* _Work to be completed_:
Make an exact copy of all the entries below, with the pictures left out.

* _Data for processing_:
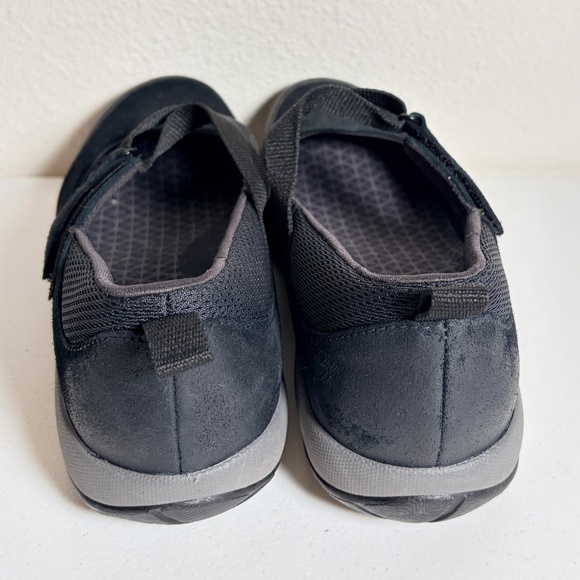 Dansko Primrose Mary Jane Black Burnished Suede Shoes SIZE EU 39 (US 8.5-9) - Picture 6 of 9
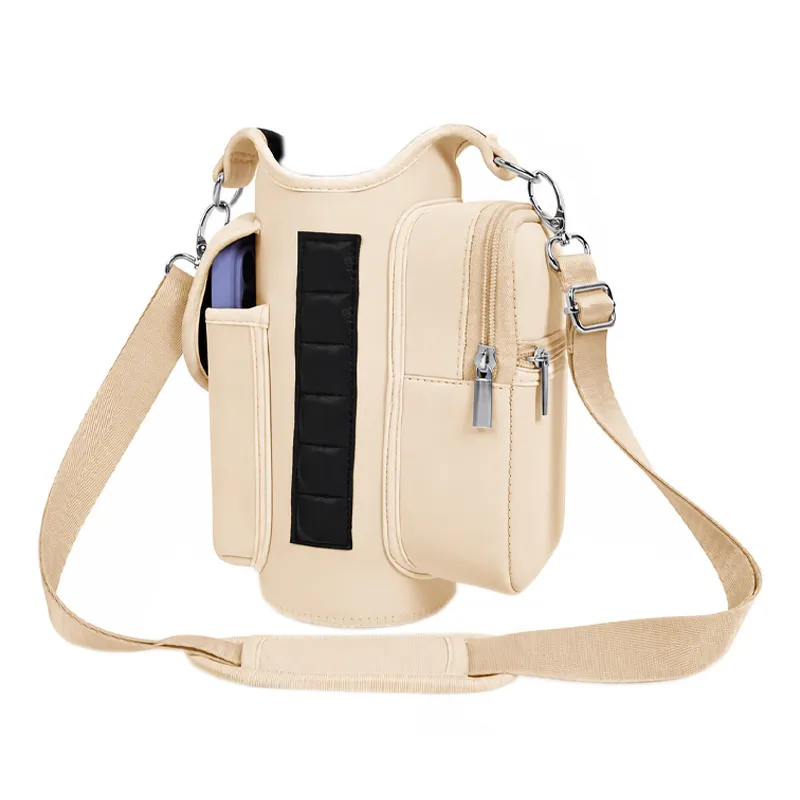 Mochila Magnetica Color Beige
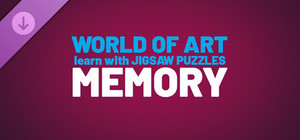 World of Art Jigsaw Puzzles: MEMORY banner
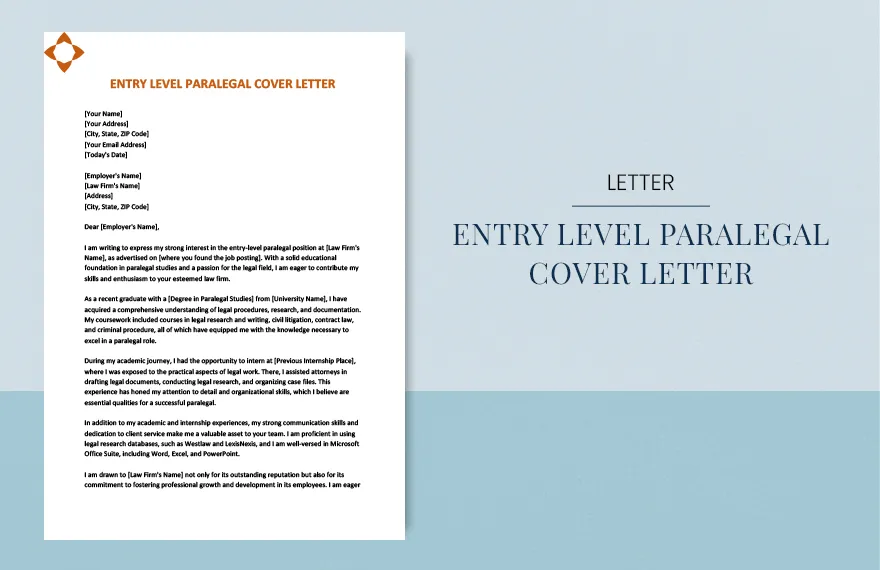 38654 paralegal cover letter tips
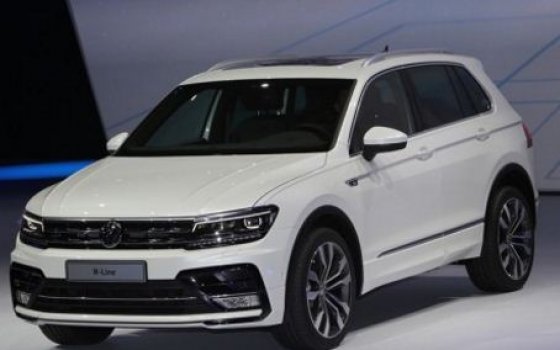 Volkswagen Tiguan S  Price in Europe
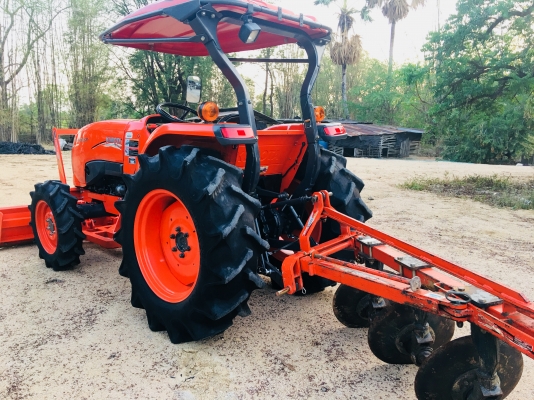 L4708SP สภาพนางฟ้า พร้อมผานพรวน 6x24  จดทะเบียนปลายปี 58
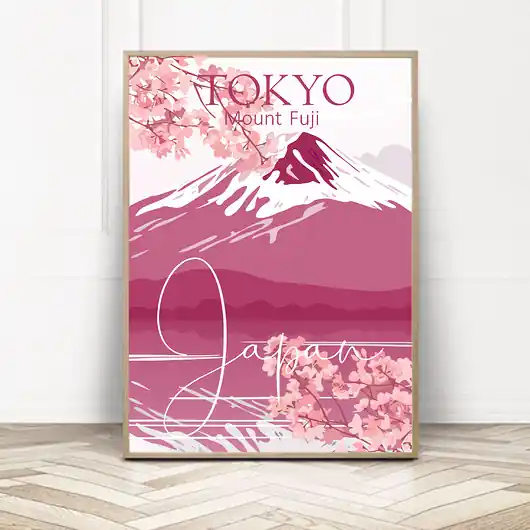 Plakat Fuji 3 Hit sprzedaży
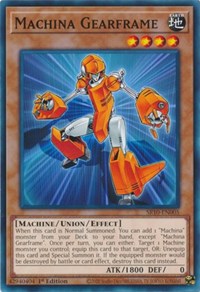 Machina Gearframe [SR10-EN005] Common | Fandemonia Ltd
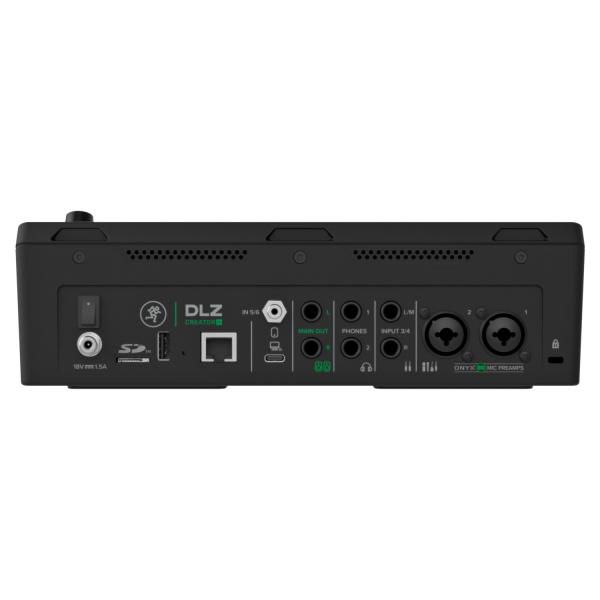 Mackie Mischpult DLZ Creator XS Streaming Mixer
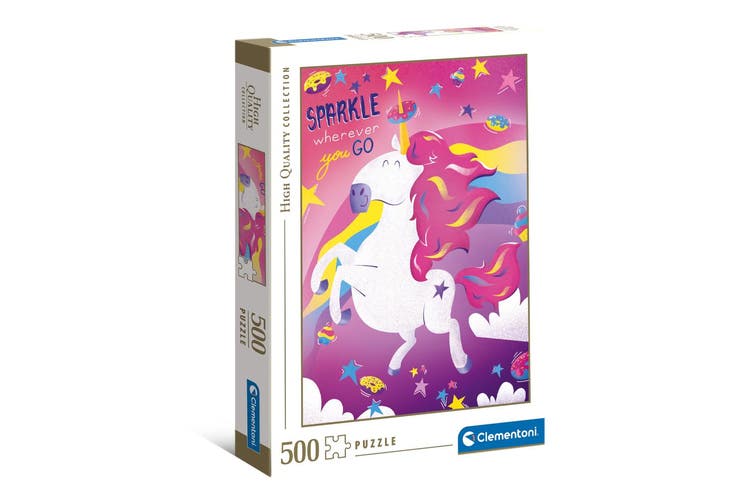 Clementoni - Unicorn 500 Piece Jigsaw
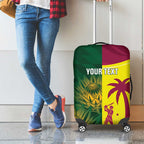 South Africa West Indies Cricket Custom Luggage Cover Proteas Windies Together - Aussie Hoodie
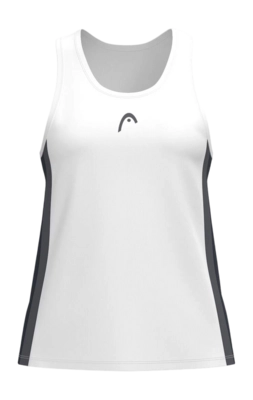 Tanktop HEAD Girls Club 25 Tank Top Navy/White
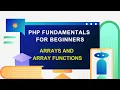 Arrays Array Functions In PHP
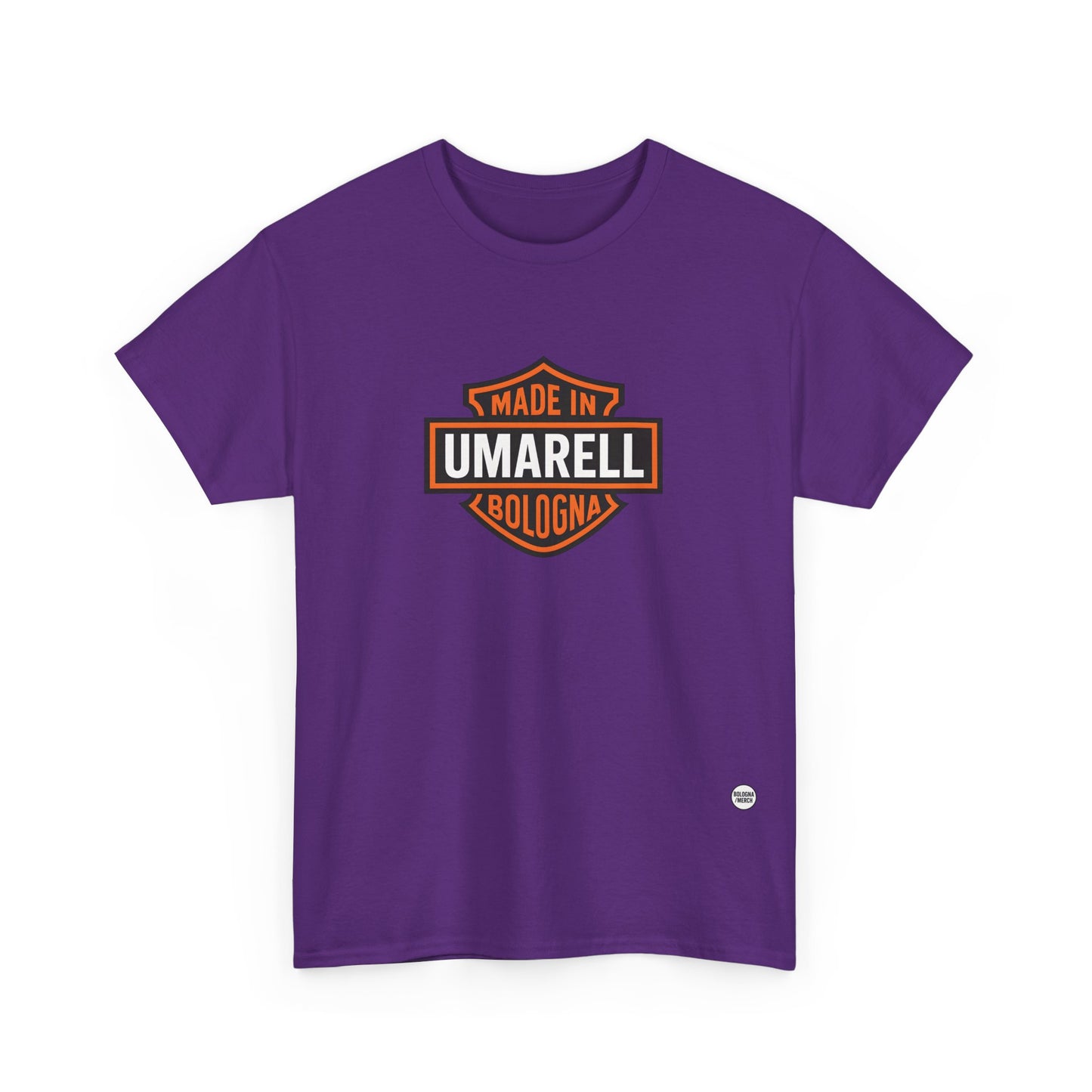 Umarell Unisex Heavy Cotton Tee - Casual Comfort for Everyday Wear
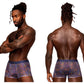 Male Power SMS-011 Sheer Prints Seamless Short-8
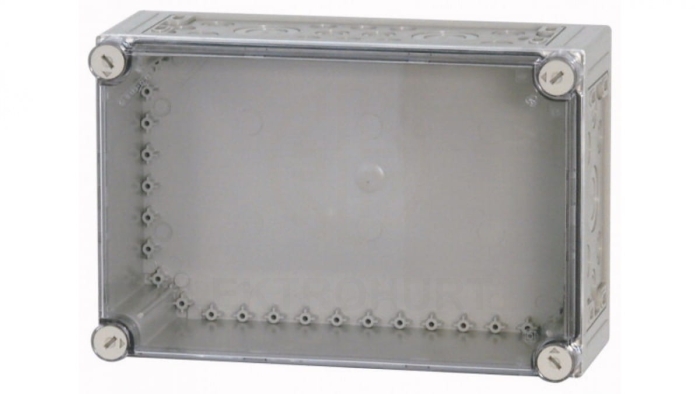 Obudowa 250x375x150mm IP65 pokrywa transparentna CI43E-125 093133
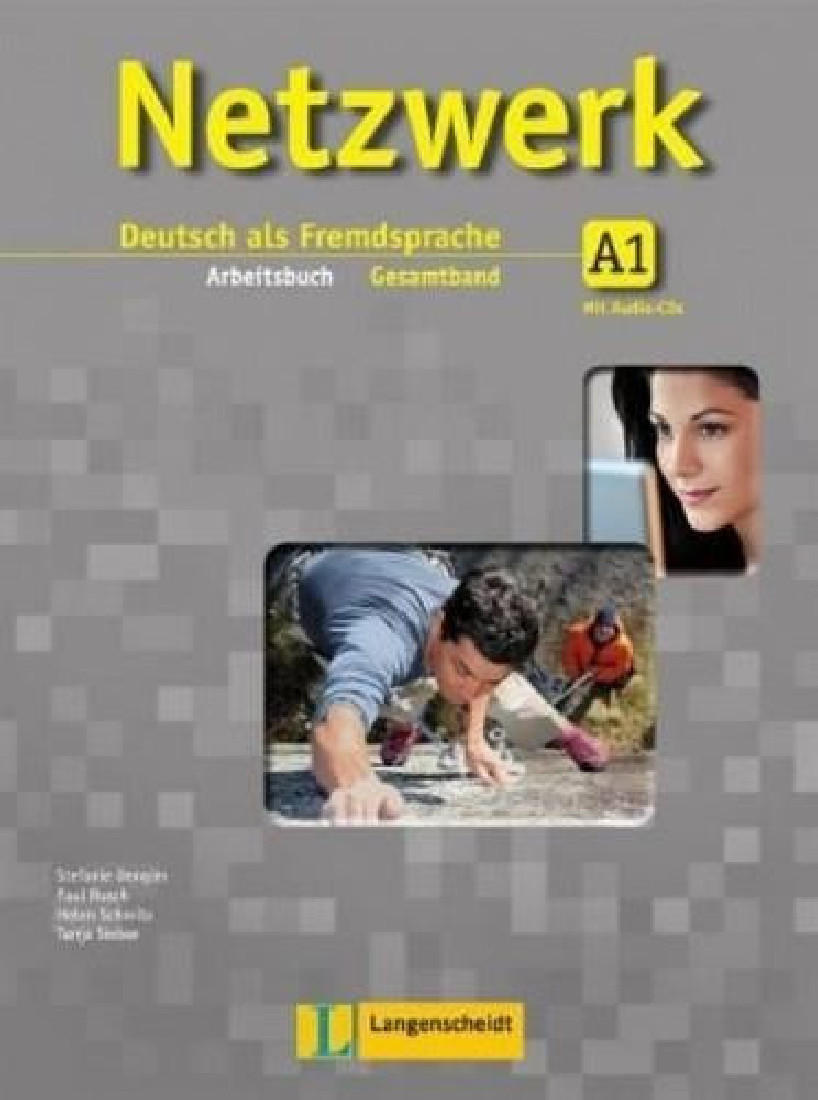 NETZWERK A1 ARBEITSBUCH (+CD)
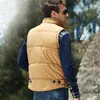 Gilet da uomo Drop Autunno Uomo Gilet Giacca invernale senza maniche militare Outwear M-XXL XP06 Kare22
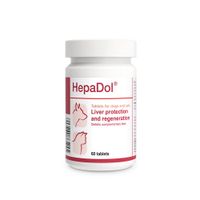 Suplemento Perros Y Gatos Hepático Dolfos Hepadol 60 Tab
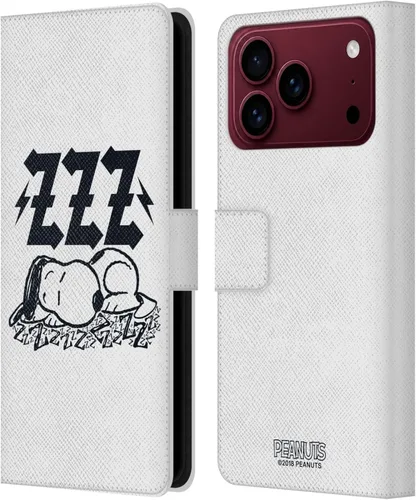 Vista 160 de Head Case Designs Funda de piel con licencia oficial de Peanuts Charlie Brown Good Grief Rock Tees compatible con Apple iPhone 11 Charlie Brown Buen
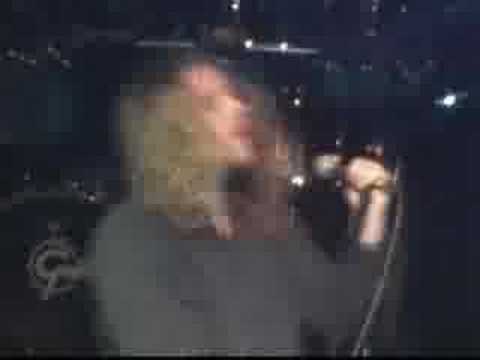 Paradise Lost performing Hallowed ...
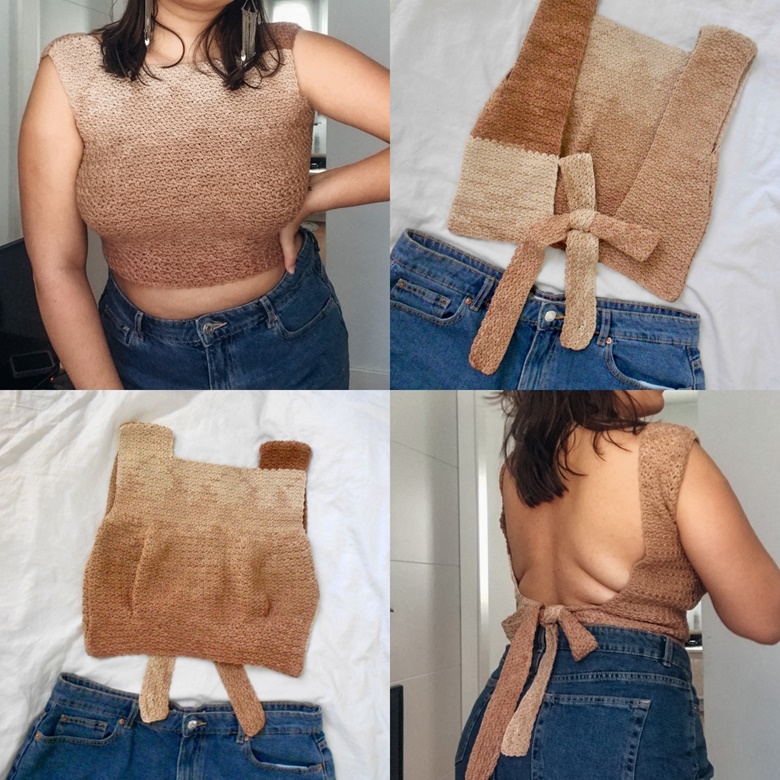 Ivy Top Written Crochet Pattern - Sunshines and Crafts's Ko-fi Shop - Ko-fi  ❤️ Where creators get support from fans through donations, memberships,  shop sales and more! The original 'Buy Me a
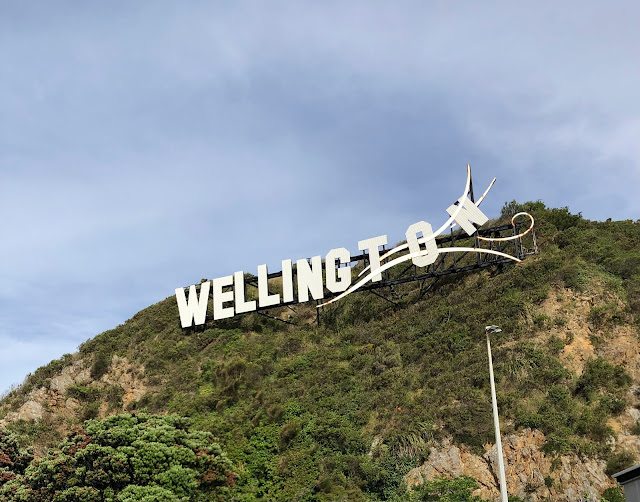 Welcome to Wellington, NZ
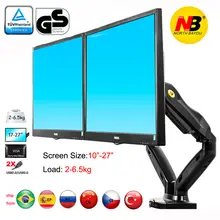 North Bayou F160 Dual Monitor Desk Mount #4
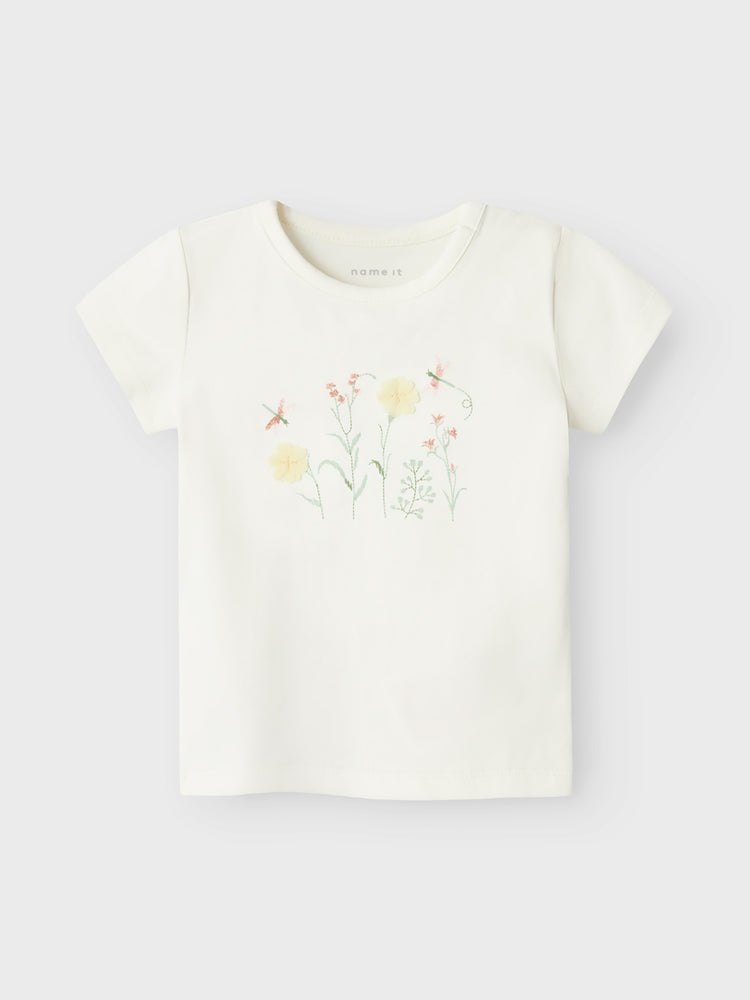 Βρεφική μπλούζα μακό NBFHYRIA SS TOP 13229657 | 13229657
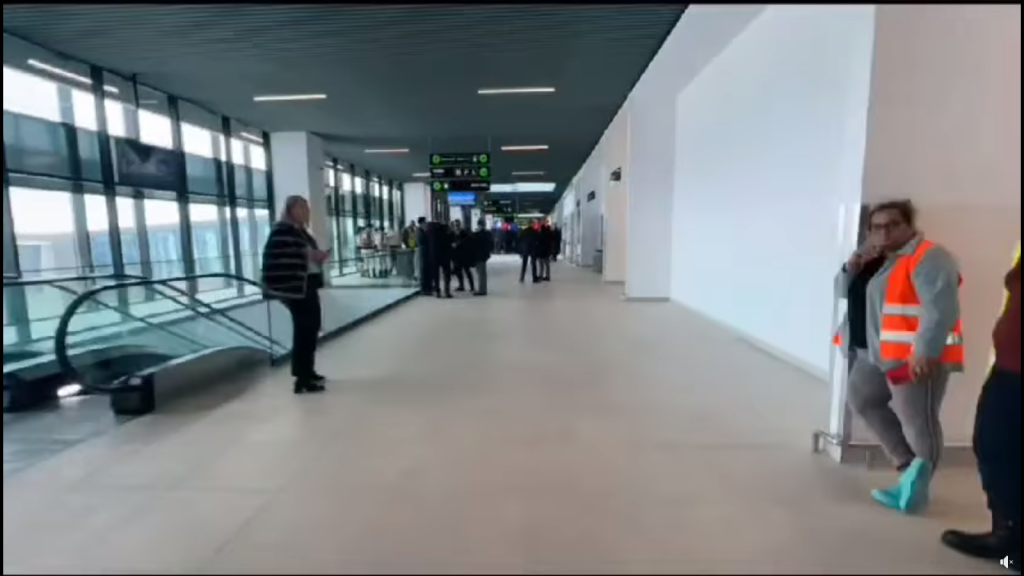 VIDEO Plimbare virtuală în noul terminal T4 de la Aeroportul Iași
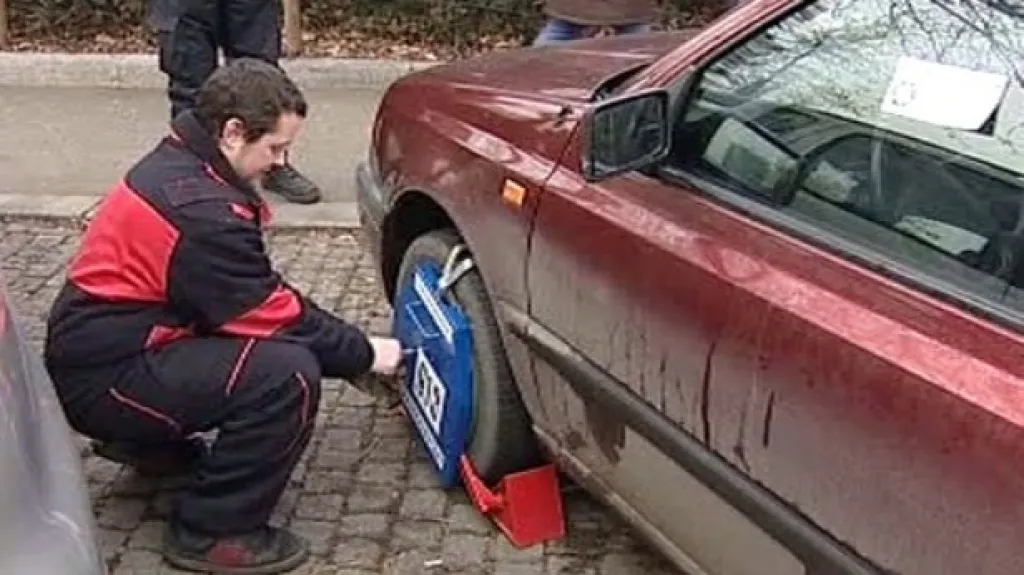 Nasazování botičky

* _Solution to this exercise_:
 Dansko Primrose Mary Jane Black Burnished Suede Shoes SIZE EU 39 (US 8.5-9) - Picture 6 of 9
 Mochila Magnetica Color Beige
 World of Art Jigsaw Puzzles: MEMORY banner
 38654 paralegal cover letter tips
 Volkswagen Tiguan S  Price in Europe
 L4708SP สภาพนางฟ้า พร้อมผานพรวน 6x24  จดทะเบียนปลายปี 58
 Plakat Fuji 3 Hit sprzedaży
 Machina Gearframe [SR10-EN005] Common | Fandemonia Ltd
 Mackie Mischpult DLZ Creator XS Streaming Mixer
 Clementoni - Unicorn 500 Piece Jigsaw
 South Africa West Indies Cricket Custom Luggage Cover Proteas Windies Together - Aussie Hoodie
 Tanktop HEAD Girls Club 25 Tank Top Navy/White
 Arrays Array Functions In PHP
 Umarell Unisex Heavy Cotton Tee - Casual Comfort for Everyday Wear
 Male Power SMS-011 Sheer Prints Seamless Short-8
 Obudowa 250x375x150mm IP65 pokrywa transparentna CI43E-125 093133
 NETZWERK A1 ARBEITSBUCH (+CD)
 Gilet da uomo Drop Autunno Uomo Gilet Giacca invernale senza maniche militare Outwear M-XXL XP06 Kare22
 Suplemento Perros Y Gatos Hepático Dolfos Hepadol 60 Tab
 Vista 160 de Head Case Designs Funda de piel con licencia oficial de Peanuts Charlie Brown Good Grief Rock Tees compatible con Apple iPhone 11 Charlie Brown Buen
 Paradise Lost performing Hallowed ...
 Ivy Top Written Crochet Pattern - Sunshines and Crafts's Ko-fi Shop - Ko-fi  ❤️ Where creators get support from fans through donations, memberships,  shop sales and more! The original 'Buy Me a
 Welcome to Wellington, NZ
 North Bayou F160 Dual Monitor Desk Mount #4
 Βρεφική μπλούζα μακό NBFHYRIA SS TOP 13229657 | 13229657
 VIDEO Plimbare virtuală în noul terminal T4 de la Aeroportul Iași
 Nasazování botičky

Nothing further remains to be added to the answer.